Summary Chronic GVHD (cGVHD) is the major cause of late morbidity, mortality and compromised organ function after allogeneic hematopoietic stem cell transplant (HCT). It can affect essentially all organs and tissues, including the lungs, where the disease is termed Bronchiolitis Obliterans Syndrome (BOS). BOS is a progressive, irreversible, and often fatal lung disease that occurs following HCT. BOS occurs in approximately 5-10% of HCT survivors and is considered the pulmonary manifestation of cGVHD. Approximately 10-15% of cGVHD patients will develop BOS, and less than 15% of BOS patients survive 5 years. The primary site of inflammation in BOS is the small airway, eventually leading to fibrosis. cGVHD results from a failure to achieve immune tolerance after transplant. The mechanisms responsible for the failure of tolerance are complex and involve multiple cell types, but T cells are central to this process. Resting T cells preferentially use mitochondrial oxidative phosphorylation as basal energy. In acute GVHD, donor T cells exposed to host alloantigen in an inflammatory environment rapidly differentiate and proliferate, with bioenergetic and biosynthetic needs fulfilled by reprogramming metabolism and using multiple energy sources. In cGVHD, metabolism demands are less well understood, but with the high energy demands of proliferating immune cells in cGVHD, strategies to specifically block critical metabolic pathways may prove to be a novel treatment strategy. In this Program, we focus on the critical questions that plague the field of cGVHD. We address shortcomings in our understanding of the pathogenesis of human cGVHD and our ability to prioritize the next generation of therapeutic strategies by defining the immune networks that characterize patients who develop cGVHD and interrogate the mechanisms of both success and failure of cGVHD treatment regimens. We explore the unique metabolic demands in cGVHD pathogenesis and lung injury repair and focus therapeutics on the most severe manifestation of cGVHD, BOS. We employ novel organoid cultures and immunogenomics to pinpoint the cellular and antigenic targets of BOS. We have assembled a collaborative, multidisciplinary team, uniquely poised to make significant impact in the field.

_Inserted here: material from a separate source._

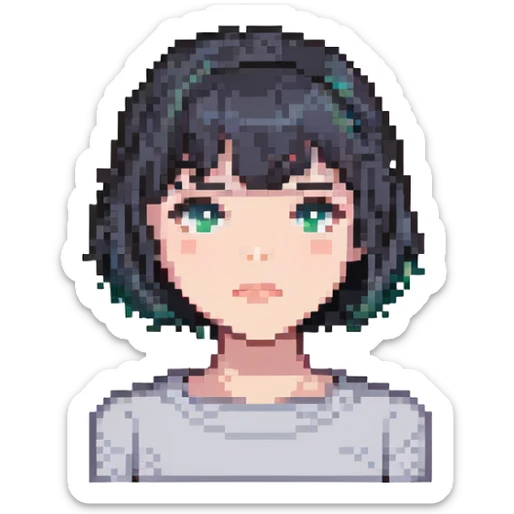 girl with short black hair, bob, with a white strand and gray eyes sticker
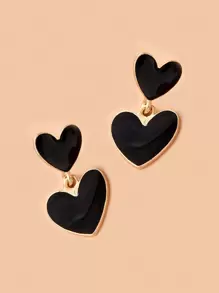 Pendientes con gota en forma de corazón - Negro - Ver 2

总结 慢性移植物抗宿主病（cGVHD）是晚期发病、死亡和器官功能受损的主要原因 异基因造血干细胞移植（HCT）后。它基本上可以影响所有的器官和组织， 包括肺，其中该疾病被称为闭塞性细支气管炎综合征（BOS）。BOS是一个 HCT后发生的进行性、不可逆转且通常致命的肺部疾病。BOS发生在大约 5-10%的HCT存活者，被认为是cGVHD的肺部表现。约10-15% cGVHD患者将发展为BOS，并且少于15%的BOS患者存活5年。的原发部位 BOS中的炎症是小气道，最终导致纤维化。cGVHD是由于未能实现 移植后免疫耐受。导致耐受失败的机制是复杂的 涉及多种细胞类型，但T细胞是这个过程的核心。静息T细胞优先使用 线粒体氧化磷酸化作为基础能量。在急性GVHD中，暴露于宿主的供体T细胞 同种异体抗原在炎症环境中迅速分化和增殖，具有生物能量和 通过重新编程新陈代谢和使用多种能源来满足生物合成需求。在cGVHD中， 代谢需求不太清楚，但随着增殖免疫细胞的高能量需求， 在cGVHD中，特异性阻断关键代谢途径的策略可能被证明是一种新的治疗策略。 在这个项目中，我们专注于困扰cGVHD领域的关键问题。我们解决的缺点， 我们对人类cGVHD发病机制的理解和我们优先考虑下一代cGVHD的能力， 通过定义表征发展cGVHD的患者的免疫网络， 询问cGVHD治疗方案的成功和失败的机制。我们探索独特的 cGVHD发病机制和肺损伤修复中的代谢需求，并将治疗重点放在最严重的 表现为cGVHD、BOS。我们采用新的类器官培养和免疫基因组学来确定细胞 和BOS的抗原靶点。我们已经组建了一个协作的多学科团队， 在实地产生重大影响。